In a chapter 7, consumer debtors must complete the “means test”. If current monthly income exceeds a certain threshold, chapter 7 relief may be unavailable and chapter 13 may be the only option. COVID-19 related payments artificially inflate a debtor’s income. Excluding those payments will generate a more realistic picture of the debtor’s income consistent with the purpose of chapter 7 – providing a fresh start to honest but unfortunate debtors.
Excluding COVID-19 related payments can also have a significant impact on determining the applicable commitment period of chapter 13 debtor in plan confirmation. The debtor’s current monthly income is an important factor in determining the length of the plan. Therefore, excluding COVID-19 related payments ensures that the relief payments do not result in lengthening the term of the chapter 13 plans from three years to five years.
3. Excluding COVID-19 Related Benefits from “Disposable Income” Under §1325 of the Bankruptcy Code
The CARES Act excludes COVID-19 related payments from “disposable income” for the purposes of confirming a plan under chapter 13. §1113(b)(1)(B). In order to confirm a plan under chapter 13, the plan must provide for payment of all the debtor’s disposable income to unsecured creditors.
Excluding COVID-19 related payments from disposable income prevents an artificial increase in the amount of money that a debtor would have to devote to the payment of unsecured creditors.
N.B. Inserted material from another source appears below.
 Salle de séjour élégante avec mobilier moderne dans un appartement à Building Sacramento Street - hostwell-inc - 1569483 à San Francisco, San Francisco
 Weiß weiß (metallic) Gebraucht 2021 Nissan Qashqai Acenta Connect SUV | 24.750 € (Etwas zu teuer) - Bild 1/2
The CARES Act applies to future chapter 13 debtors and pending cases without confirmed plans.
4. Allowing Modification of a Confirmed Plan under Chapter 13 for “Material Financial Hardship” due to COVID-19
The CARES Act added a new provision §1329(d)(1). It allows a chapter 13 debtor with a plan that was confirmed before the enactment of the CARES Act (March 27, 2020), to seek modification of the plan if the debtor is “experiencing or has experienced material financial hardships due, directly or indirectly” to COVID-19. The recently signed extension preserves this change but now applies to any plans confirmed before the enactment of the COVID-19 Relief Extension Act (March 27, 2021), allowing more debtors to qualify for the relief. Under this provision, the plan term may be extended up to seven years after the date of the first payment under the original plan. The previous chapter 13 permits plans for up to five years.
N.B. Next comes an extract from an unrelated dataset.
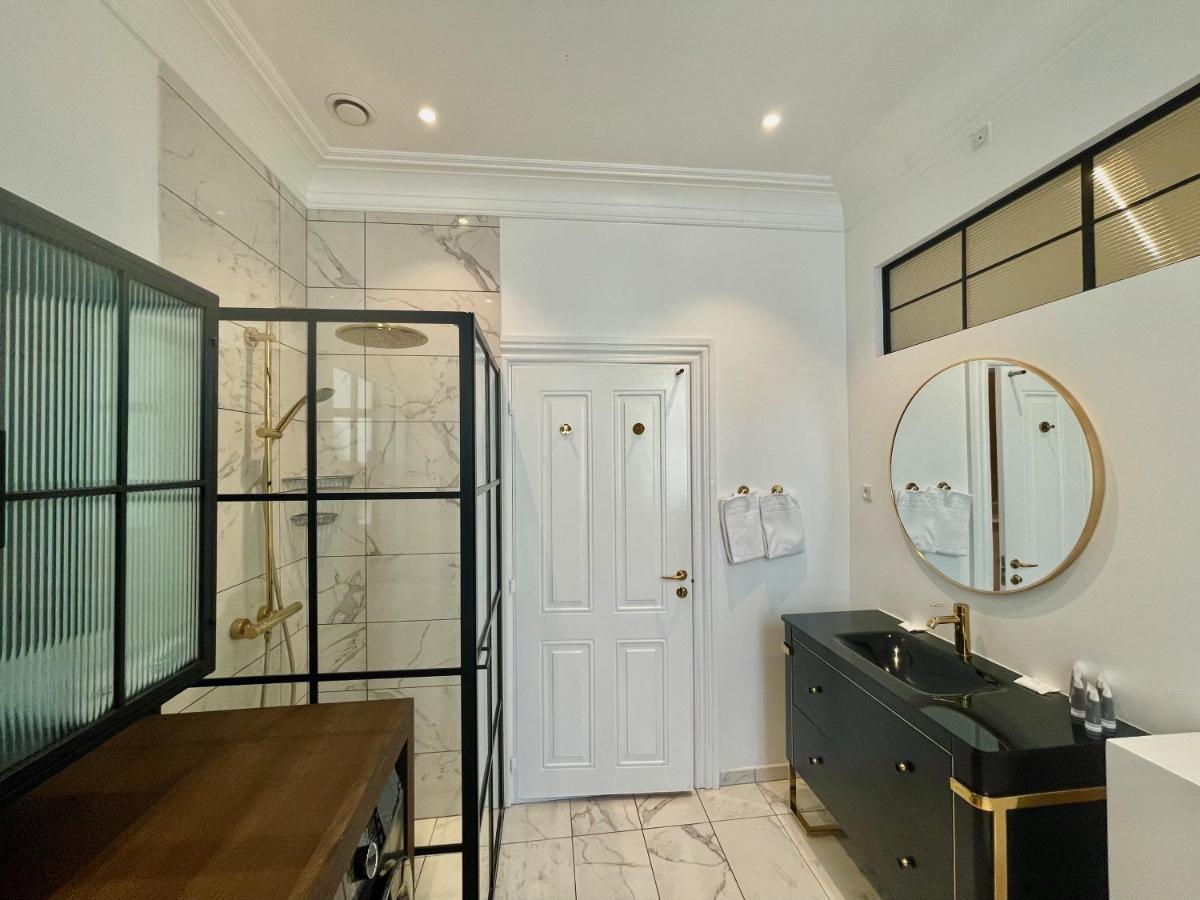 Beautiful 3 Bedroom Flat Next To The Marble Church København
The Act is silent as to what amounts to “material financial hardship” or the scope of the term “indirect”. However, there is case law addressing the issue of whether a plan default prior to the enactment of CARES Act is a cause for modification under §1329(d)(1). In In re Fowler, 2020 WL 6701366 (Bankr. M.D. Ala. Nov. 13, 2020), the court held that the only requirements under §1329(d)(1) are that (i) the plan was confirmed before March 27, 2020 and (ii) that the debtor experienced or is experiencing a material financial hardship due to COVID-19. Therefore, the court allowed the debtor with pre-CARES Act plan default to avail herself of the 7-year plan modification.
Conclusion
The CARES Act significantly opened the doors to bankruptcy relief for individuals and small businesses in financial distress due to the pandemic. The decision by the Congress and the Biden administration to extend these protections for another full year continues this positive step. The effects of COVID-19 pandemic still linger and many households and small businesses will continue to suffer financial distress. Given the successes of the SBRA, and the CARES Act, Congress should begin the discussion now on making these changes permanent.